Pictures aside, copy exactly the lines running from the one with "Read Surviving the" to the end of the records.

Caption-style text data:

Segment Open

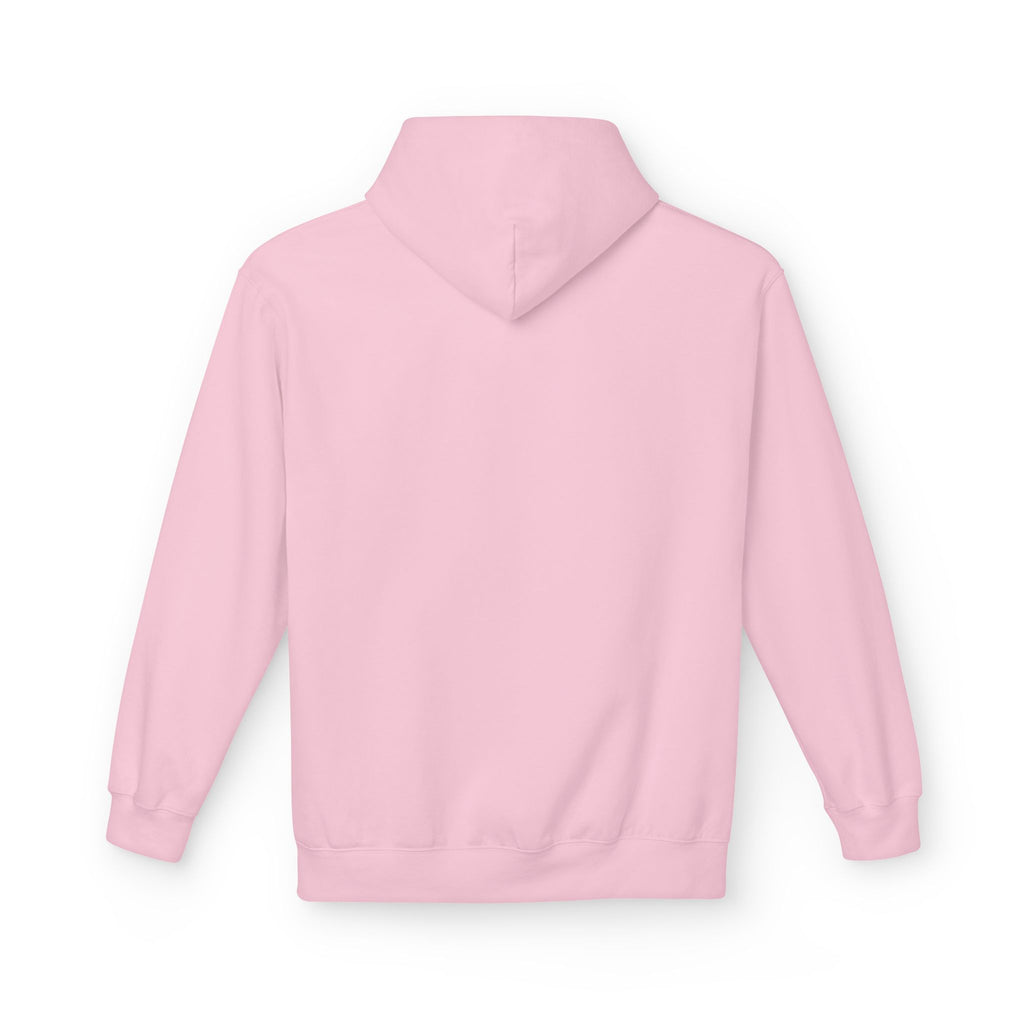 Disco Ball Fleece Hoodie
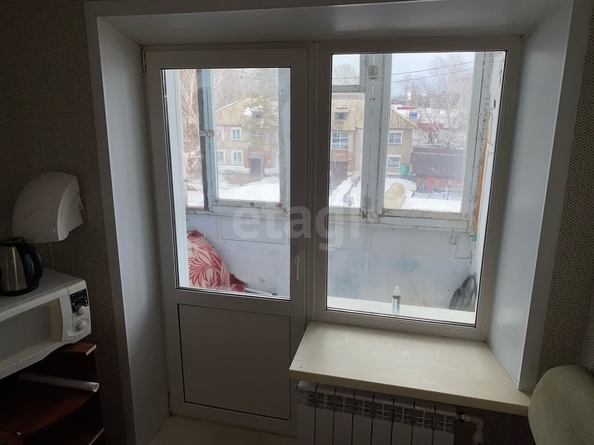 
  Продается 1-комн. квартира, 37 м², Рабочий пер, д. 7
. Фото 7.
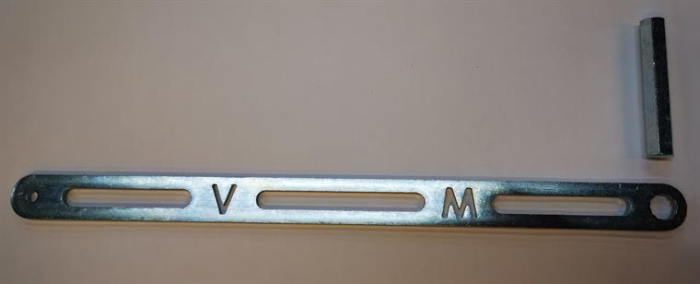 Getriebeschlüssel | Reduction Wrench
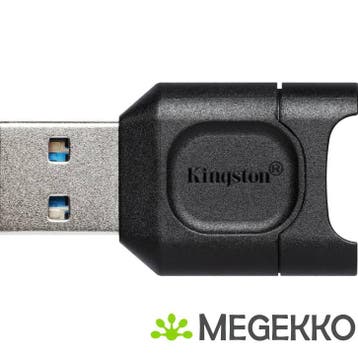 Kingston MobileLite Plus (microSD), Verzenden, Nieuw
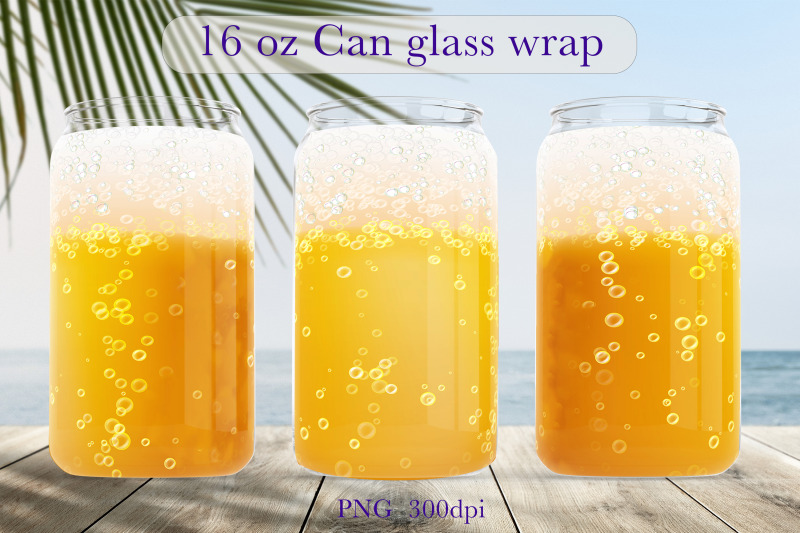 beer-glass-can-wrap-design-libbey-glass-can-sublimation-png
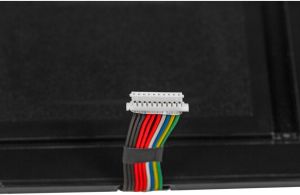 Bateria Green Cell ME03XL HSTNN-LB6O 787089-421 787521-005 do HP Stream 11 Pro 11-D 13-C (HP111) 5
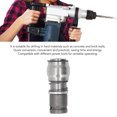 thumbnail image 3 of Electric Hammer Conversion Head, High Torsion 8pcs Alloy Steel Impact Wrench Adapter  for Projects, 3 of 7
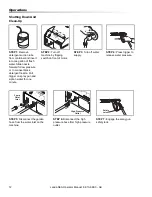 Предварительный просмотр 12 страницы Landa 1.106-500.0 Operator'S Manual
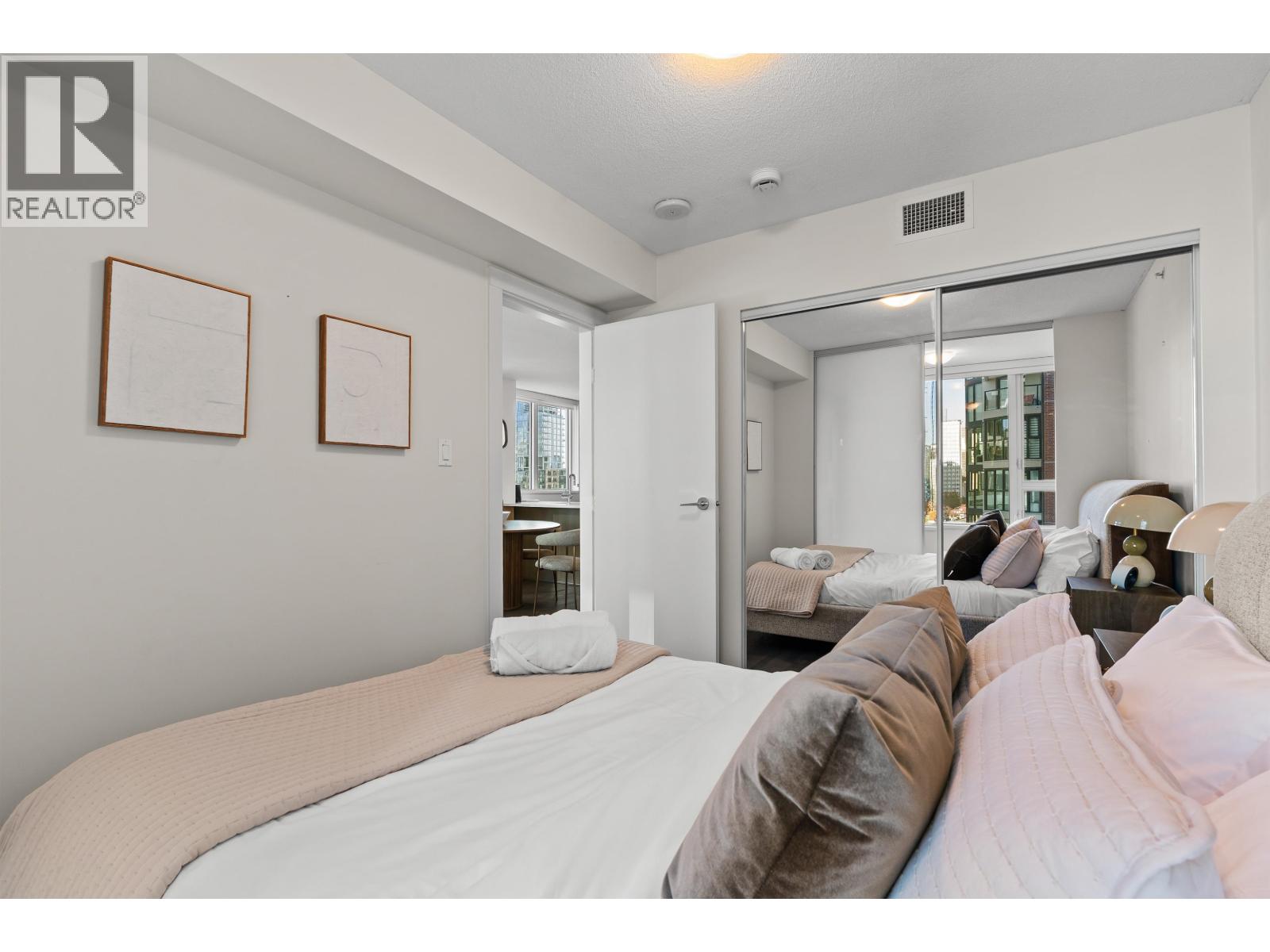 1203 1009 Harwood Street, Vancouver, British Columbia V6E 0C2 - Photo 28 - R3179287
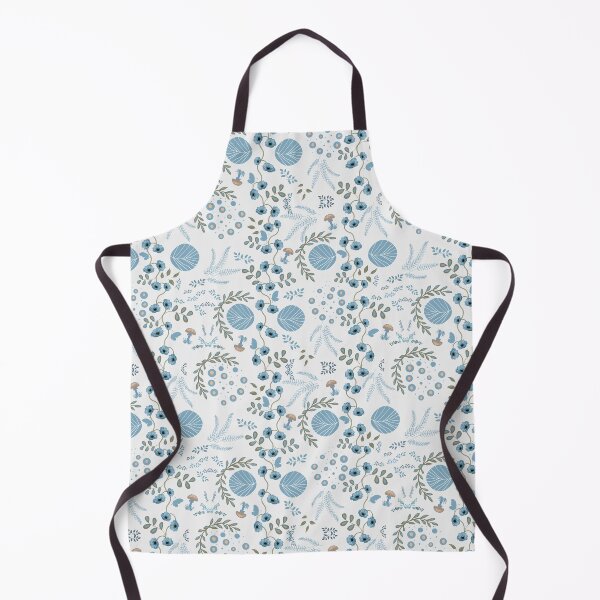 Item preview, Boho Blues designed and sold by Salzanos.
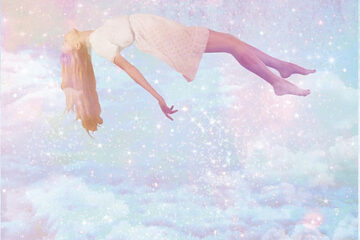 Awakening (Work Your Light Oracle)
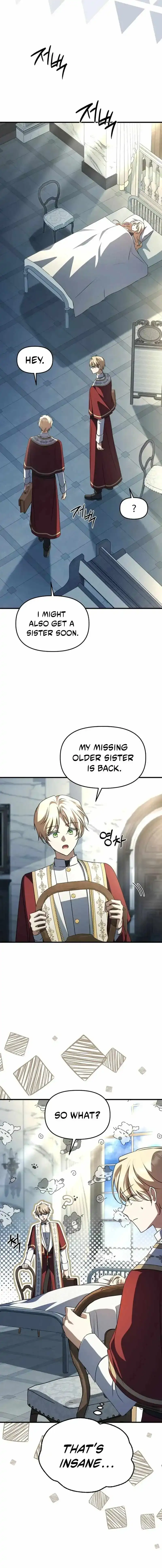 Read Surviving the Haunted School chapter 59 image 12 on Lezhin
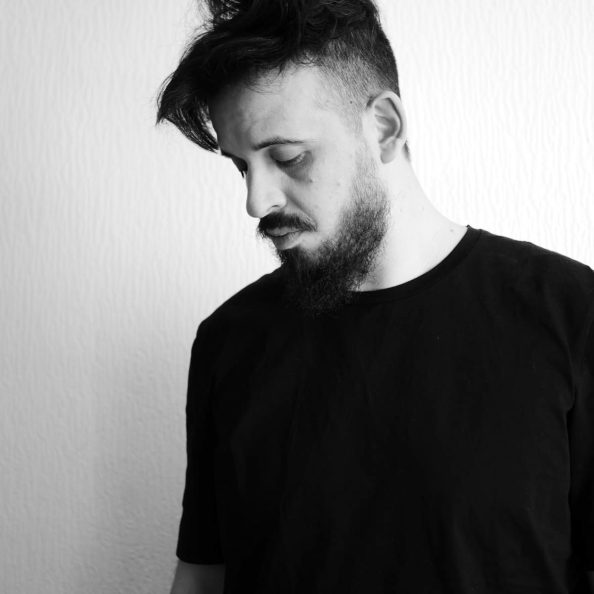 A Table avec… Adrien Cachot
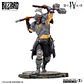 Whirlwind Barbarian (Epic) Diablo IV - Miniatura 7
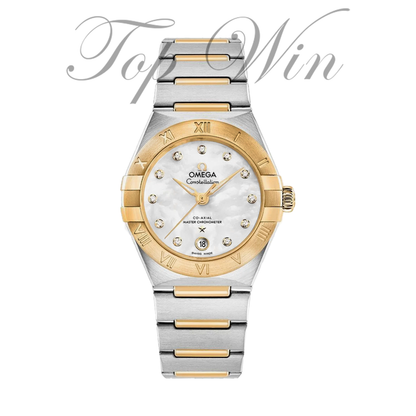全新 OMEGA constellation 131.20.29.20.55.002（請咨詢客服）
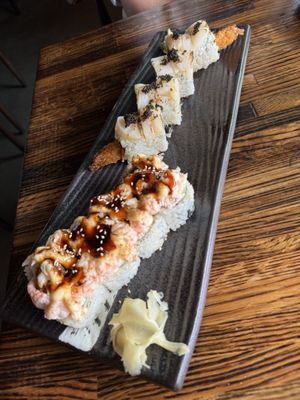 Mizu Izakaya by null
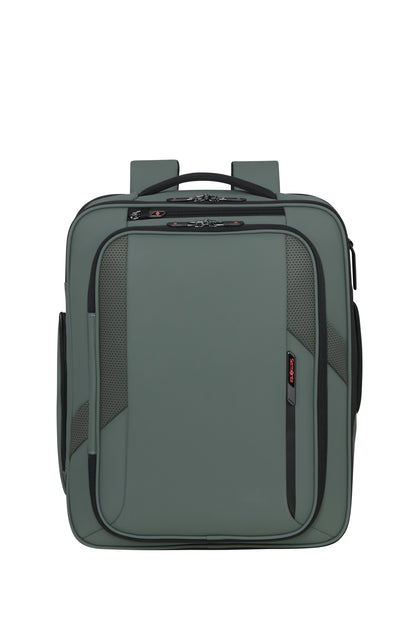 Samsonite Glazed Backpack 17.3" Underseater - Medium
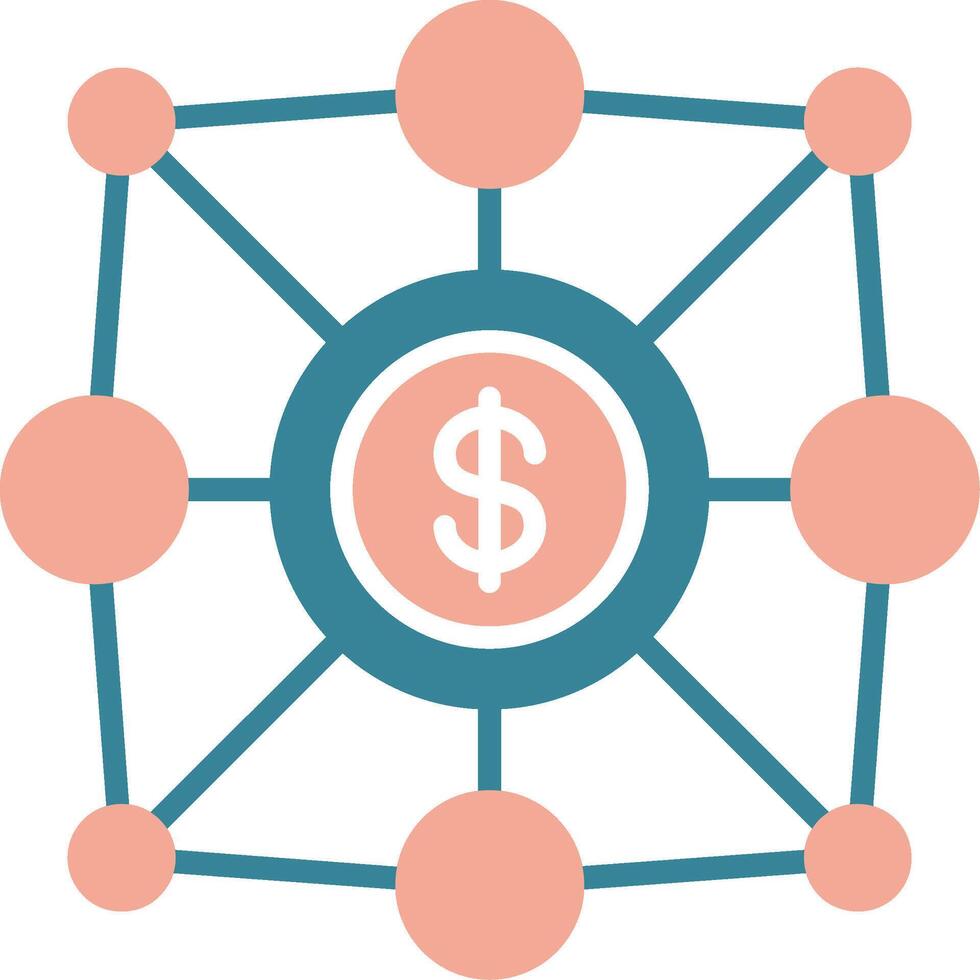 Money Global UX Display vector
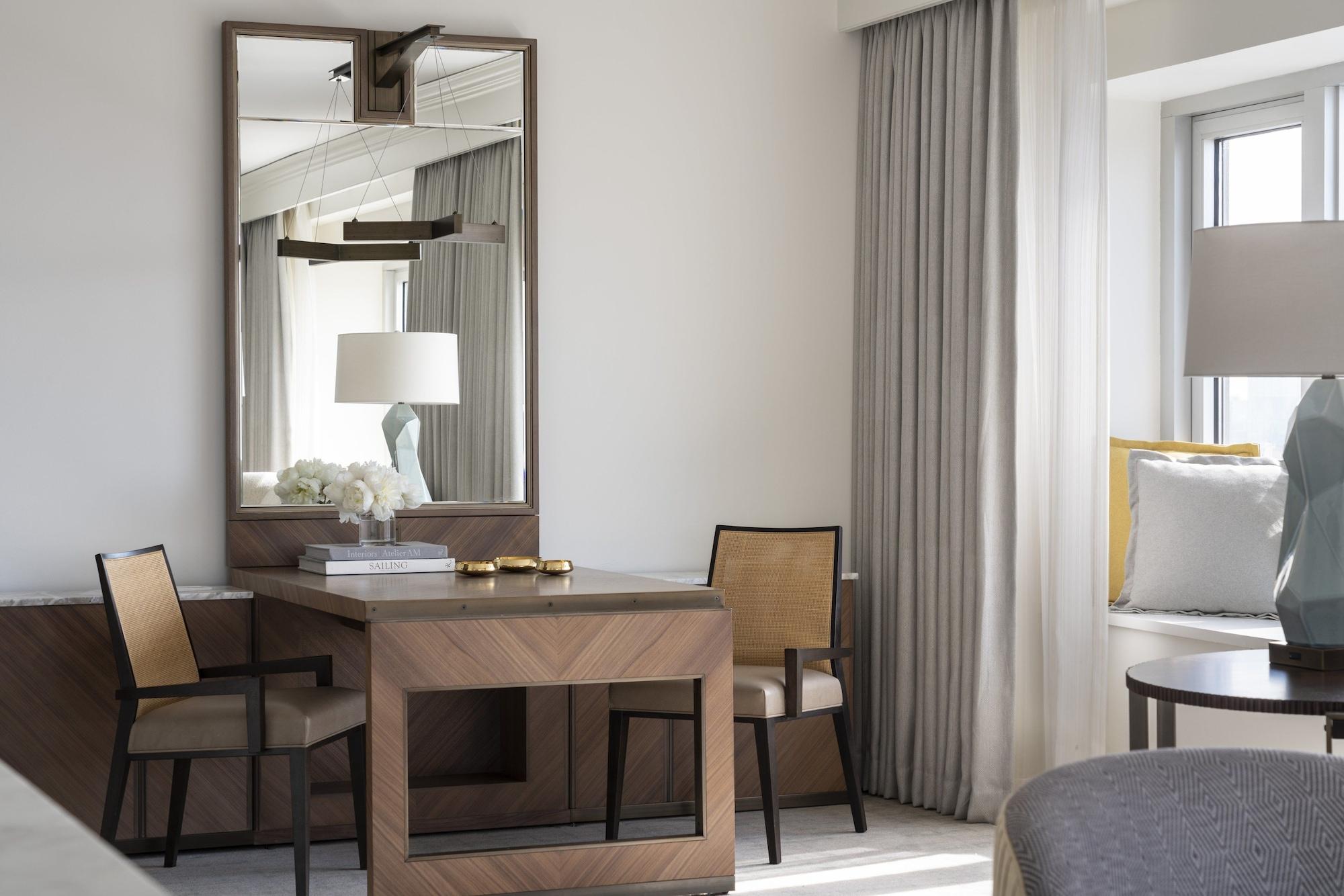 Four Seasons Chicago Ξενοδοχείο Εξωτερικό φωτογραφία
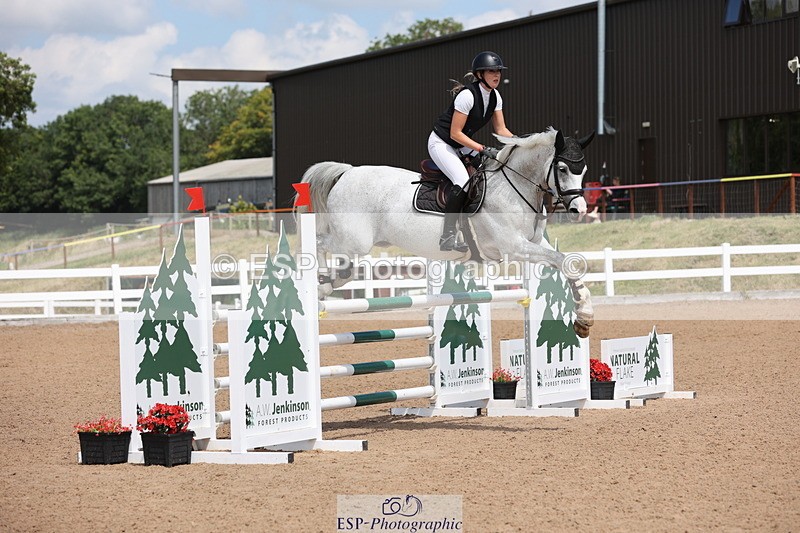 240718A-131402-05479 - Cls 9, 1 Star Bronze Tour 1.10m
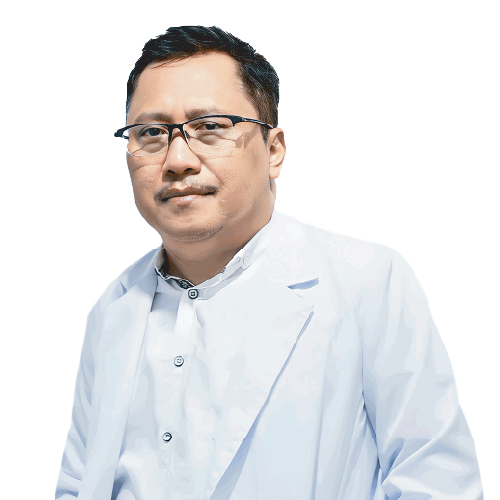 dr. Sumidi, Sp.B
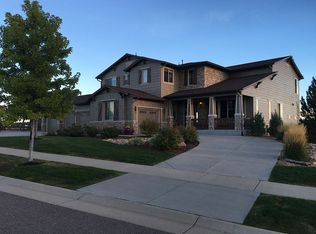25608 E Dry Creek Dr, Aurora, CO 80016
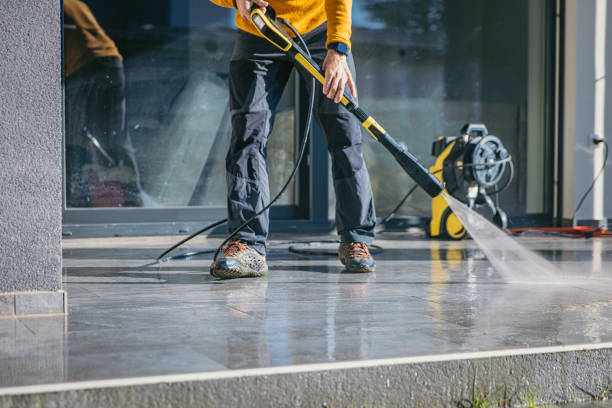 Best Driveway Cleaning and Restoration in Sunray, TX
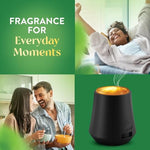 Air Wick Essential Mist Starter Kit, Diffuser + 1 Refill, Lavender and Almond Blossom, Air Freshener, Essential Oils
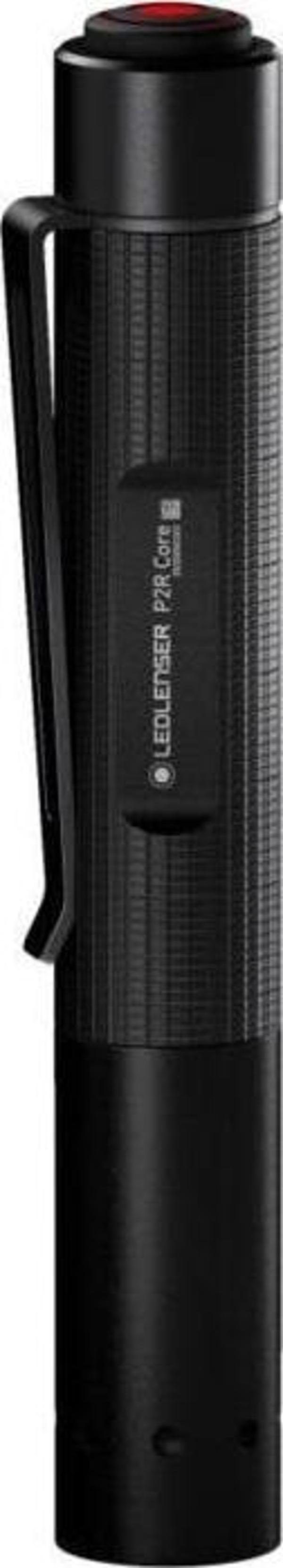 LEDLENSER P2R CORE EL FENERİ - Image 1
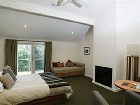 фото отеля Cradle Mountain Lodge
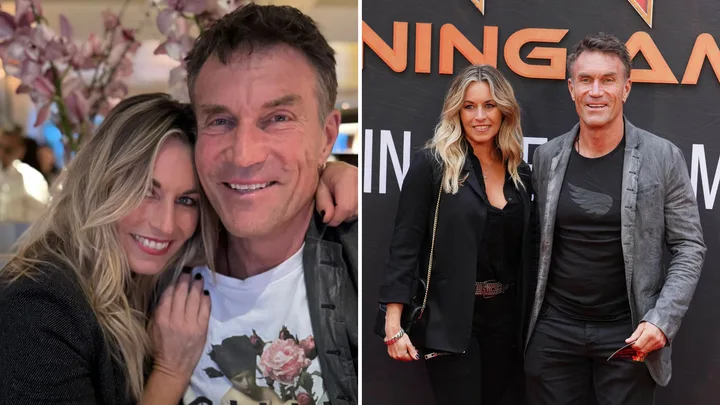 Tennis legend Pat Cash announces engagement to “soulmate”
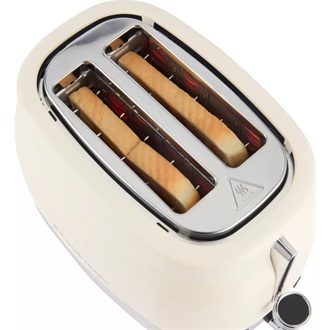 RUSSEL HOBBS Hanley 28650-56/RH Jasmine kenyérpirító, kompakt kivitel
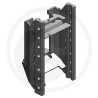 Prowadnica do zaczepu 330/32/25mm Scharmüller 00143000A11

Segment Closed

**Solution:**
 Read Surviving the Haunted School chapter 59 image 12 on Lezhin
 A Table avec… Adrien Cachot
 Whirlwind Barbarian (Epic) Diablo IV - Miniatura 7
全新 OMEGA constellation 131.20.29.20.55.002（請咨詢客服）
 Mizu Izakaya by null
 Samsonite Glazed Backpack 17.3" Underseater - Medium
 Money Global UX Display vector
 Four Seasons Chicago Ξενοδοχείο Εξωτερικό φωτογραφία
 240718A-131402-05479 - Cls 9, 1 Star Bronze Tour 1.10m
 dr. Sumidi, Sp.B
25608 E Dry Creek Dr, Aurora, CO 80016
 Best Driveway Cleaning and Restoration in Sunray, TX
 Air Wick Essential Mist Starter Kit, Diffuser + 1 Refill, Lavender and Almond Blossom, Air Freshener, Essential Oils
 LEDLENSER P2R CORE EL FENERİ - Image 1
 фото отеля Cradle Mountain Lodge
 Tennis legend Pat Cash announces engagement to “soulmate”
 RUSSEL HOBBS Hanley 28650-56/RH Jasmine kenyérpirító, kompakt kivitel
 Prowadnica do zaczepu 330/32/25mm Scharmüller 00143000A11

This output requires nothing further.